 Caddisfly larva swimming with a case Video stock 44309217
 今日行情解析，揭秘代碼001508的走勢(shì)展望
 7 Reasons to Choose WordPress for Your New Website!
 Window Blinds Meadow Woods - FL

* * *

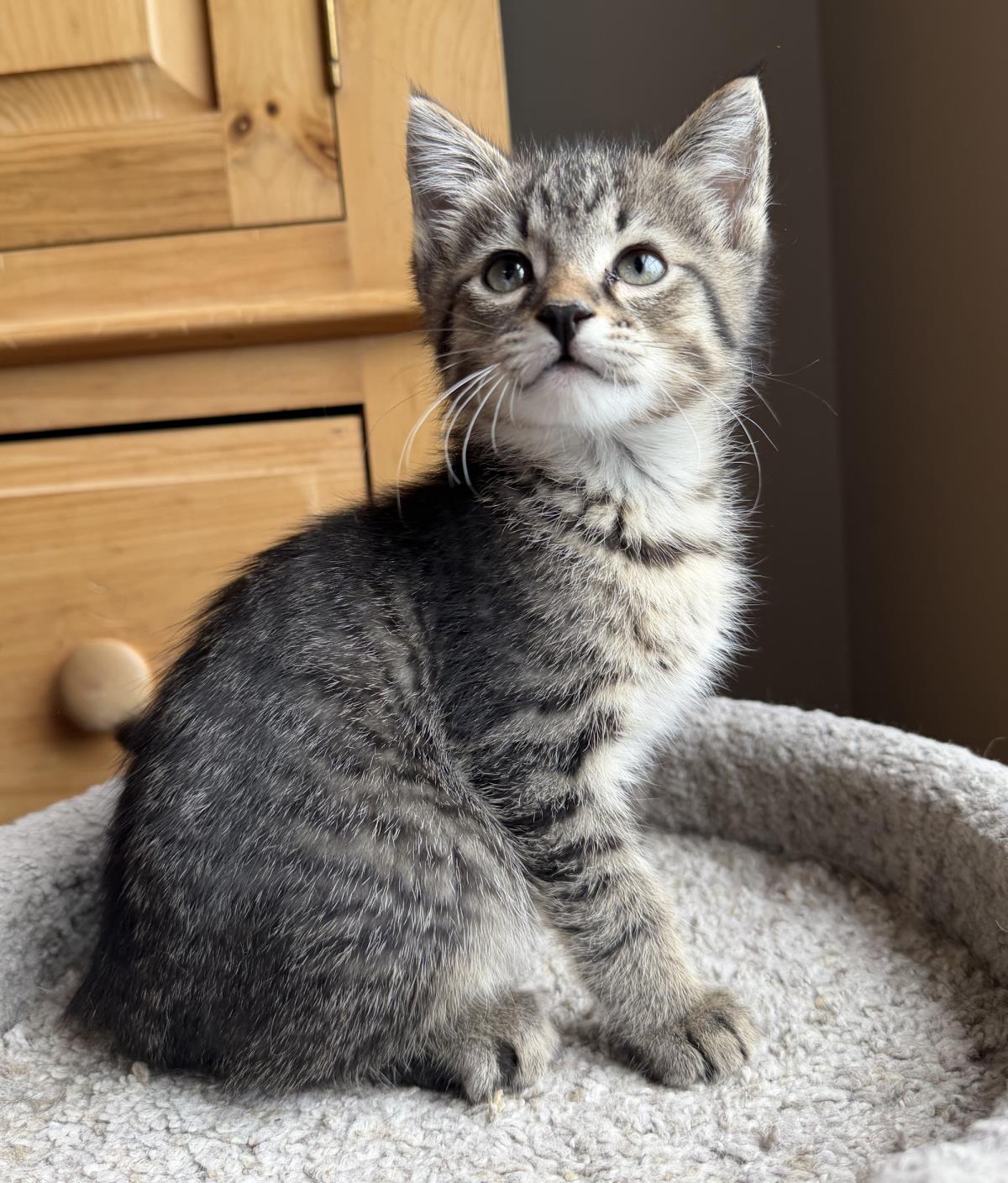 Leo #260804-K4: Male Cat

Exercise directions. Look above for the line holding "Caddisfly larva swimming". Print it and every line after it, exactly, through the line holding "Window Blinds Meadow Woods - FL".

Task result.
 Caddisfly larva swimming with a case Video stock 44309217
 今日行情解析，揭秘代碼001508的走勢(shì)展望
 7 Reasons to Choose WordPress for Your New Website!
 Window Blinds Meadow Woods - FL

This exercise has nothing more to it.